2.2 Processus cognitifs impliqués dans la conscience de la situation

2.2.1 L’attention sélective

L’attention sélective renvoie à la capacité de l’individu à se focaliser sur un stimulus (information sensorielle ou activité cognitive) en faisant abstraction du bruit environnant (e.g. des éléments perturbateurs) et des autres sources d’information présentes simultanément dans l’environnement (Debroise, 2010).

Un premier modèle a été proposé par Broadbent en 1958 afin d’expliquer le mécanisme de traitement de l’information qui nous permet d’économiser des ressources attentionnelles. Il s’agit du modèle de filtre attentionnel. Ce modèle part du principe que nous avons un canal unique de traitement de l’information. Ainsi, les informations passent par le registre sensoriel qui va encoder l’information telle quelle (sans la transformer que ce soit physiquement ou sémantiquement).

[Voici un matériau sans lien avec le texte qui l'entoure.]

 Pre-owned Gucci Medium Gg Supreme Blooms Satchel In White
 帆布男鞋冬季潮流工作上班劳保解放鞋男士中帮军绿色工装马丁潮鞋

C’est à ce moment-là que le filtre attentionnel va jouer un rôle. Il ne va laisser passer qu’un seul type d’informations à la fois en MCT pour qu’elle y soit traitée. Cette sélection ne se fonde pas sur des analyses sémantiques mais sur des aspects purement « physiques ». Ce filtre permettrait ainsi d’éviter la surcharge du système de traitement du fait des capacités limitées en ressources attentionnelles. Ce premier modèle a permis d’approfondir les étapes du traitement de l’information tout en proposant des explications concernant les ressources attentionnelles.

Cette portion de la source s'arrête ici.